A young captain, also bandaged, around his left arm, said: “People don’t want to leave their homes, everything they have built up. But the Russian attacks are now continuous. We will have to retake the areas they have moved into, and so maybe not having too many civilians in the city now, that will mean fewer civilian casualties.”
The officer, who wanted only his first name, Mykhailo, published, continued: “We know the Russians are desperate to get control of Irpin, that is why they are putting so much resources into it. They are not doing well on the ground and that’s why we have so many airstrikes and the long-range shelling.”
Shelling intensified as dusk began to fall, and the crowd took shelter under the remaining arch. Flares went up in the sky followed by red darts of exchanged fire and flashes as buildings, closer and closer, began to get hit.
The crowd swarmed to cross, with difficulty, over the twisted metal and smashed stonework, over the water.
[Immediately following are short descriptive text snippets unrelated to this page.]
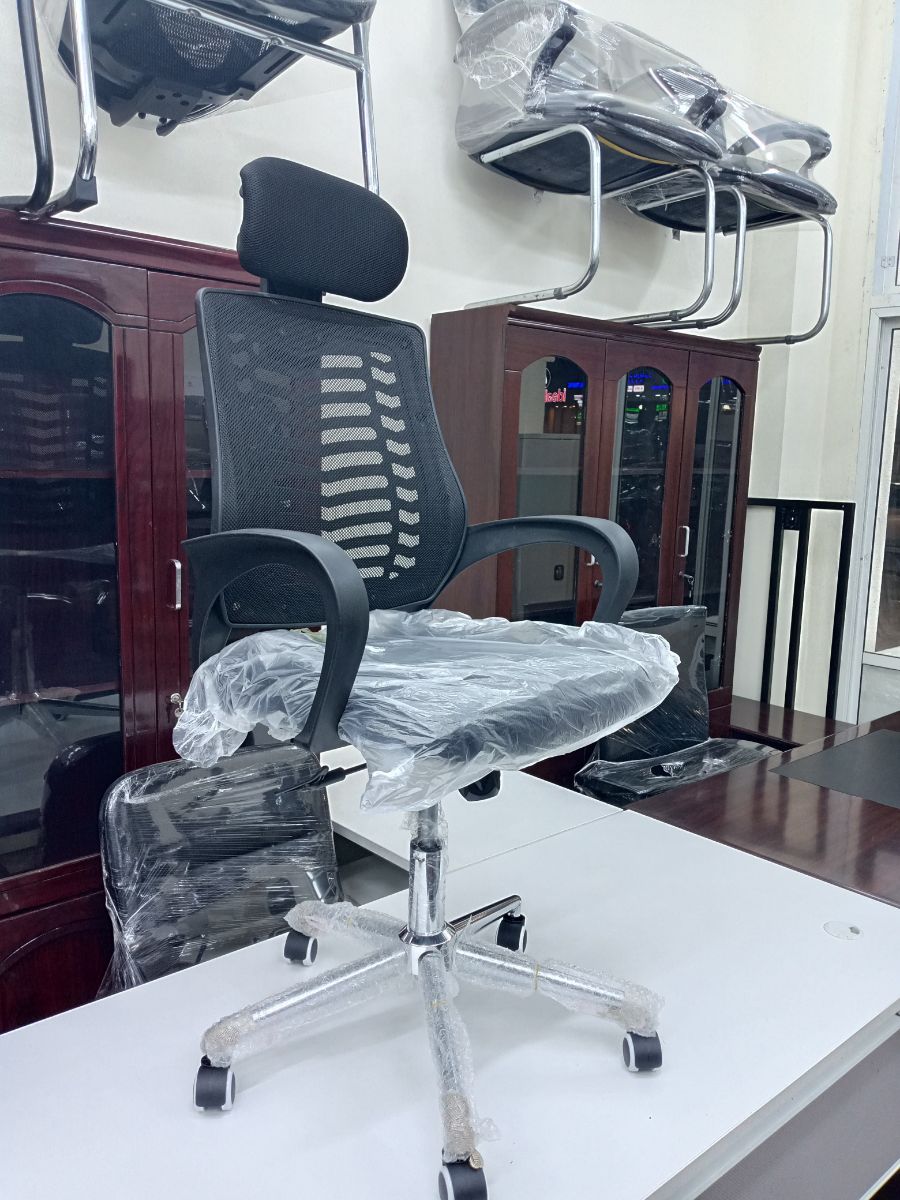 Use office furniture buy and sale - Image 15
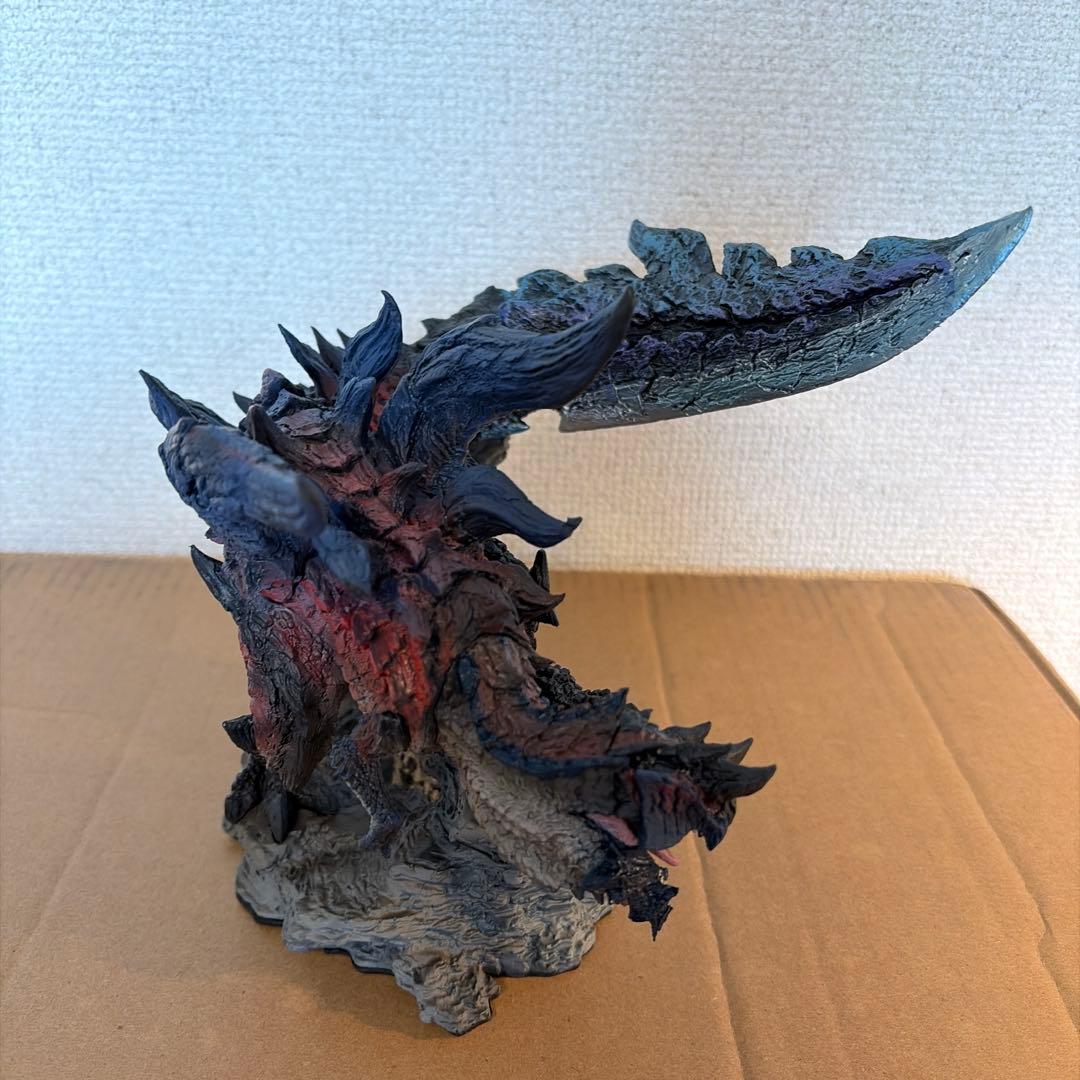 モンスターハンター　クリエイターズモデル ディノバルド　海外品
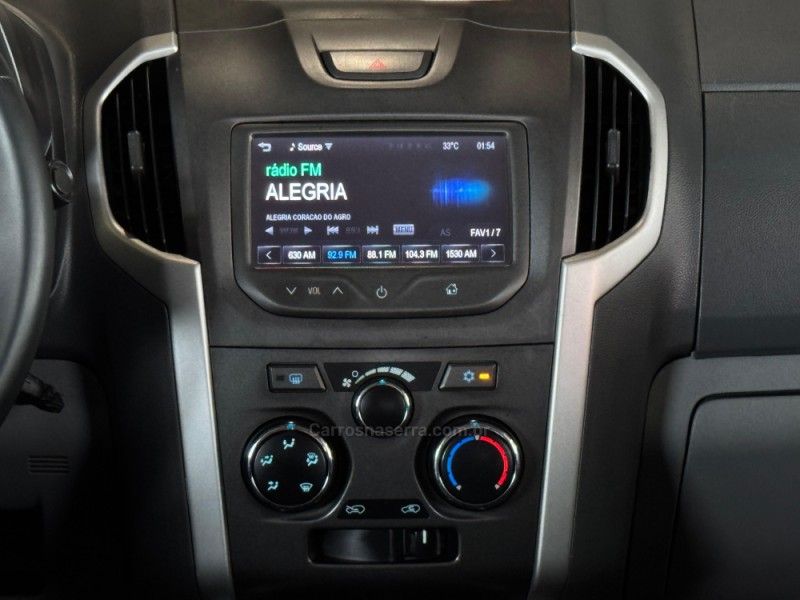 CHEVROLET S10 2.8 4X4 CD 12V TURBO INTERCOOLER 2014/2014 GRIFFCAR MULTIMARCAS DOIS IRMÃOS / Carros no Vale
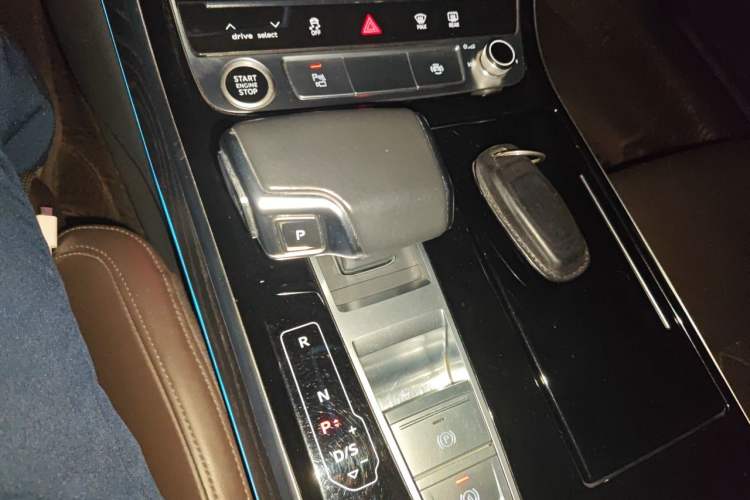 Used Audi A8 2021 A8L 50 TFSI quattro Comfort Model Gear Lever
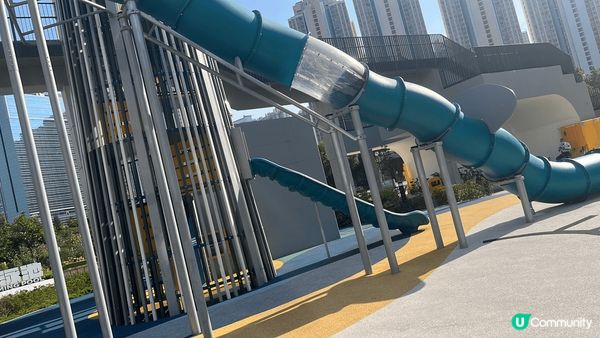 天秀公園有大人小朋友，喜歡玩樂地方，有瀡滑梯、鞦韆，玩到不亦...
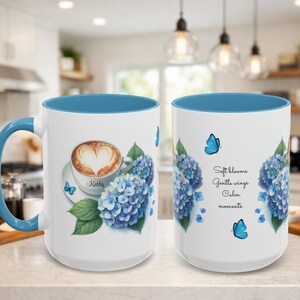 Gepersonaliseerde hortensiakoffiemok • Beker met aangepaste naam • Vlinderbloemencadeau (11, 15oz)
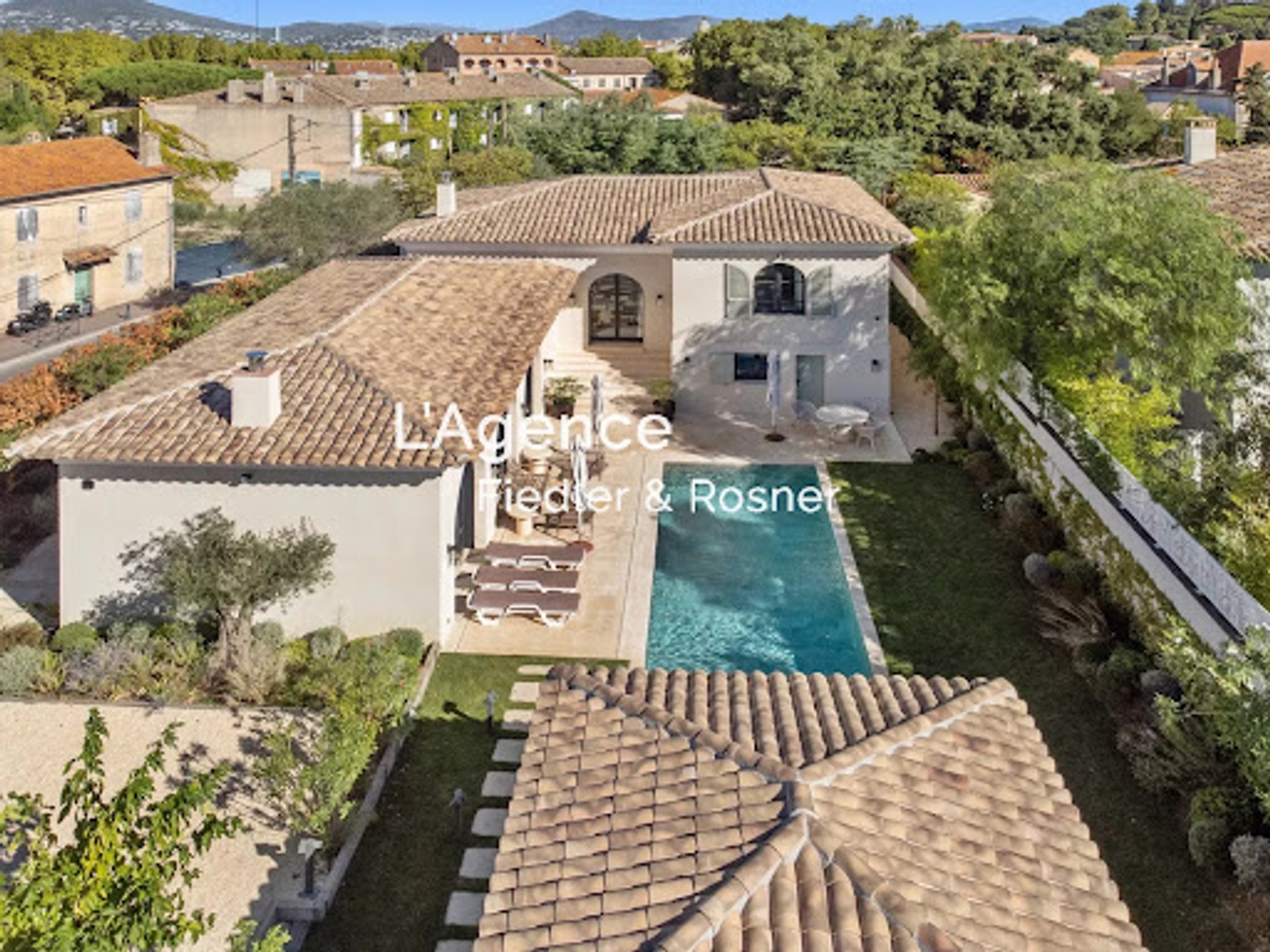 Villa 5 pièces 265 m²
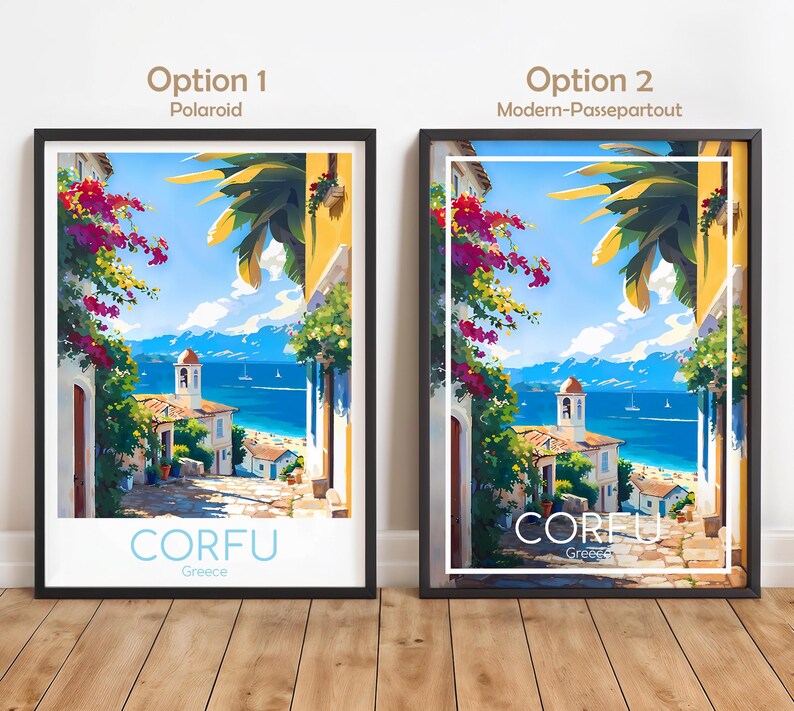 Op de afbeelding: Twee ingelijste wandposters van een kustlandschap op Corfu, Griekenland. Optie 1 heeft een witte rand met de tekst 'CORFU Greece' onderaan. Optie 2 bevat een witte passe-partout met dezelfde tekst over de afbeelding heen gedrukt.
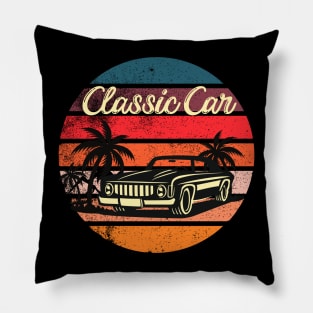 Retro car merch classic car retro  vintage aesthetic sunset circle with palms and mountains Pillow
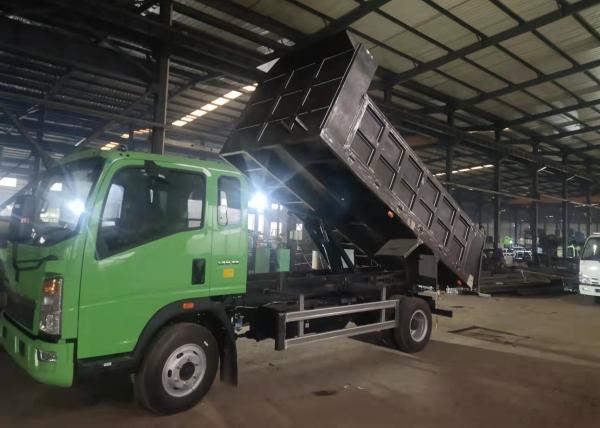 Acier de haute résistance vert de Tipper Dump Truck Howo 116hp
Groups huddled together, many carrying packed plastic bags, rucksacks and suitcases, some with children on their shoulders.
An elderly woman slipped and fell. Helping her up, Andriy Osadchuk, a volunteer military radio operator, exclaimed: “Can you imagine someone having to go through all this at her age? Why are the Russians doing what they are doing? It’s barbaric.”
After being hauled up on the side, the elderly woman spoke briefly, shook her head and began the long trudge up the road.
“She said she’ll never see her home again,” Mr Osadchuk reflected. “That’s probably true, it’s very sad.”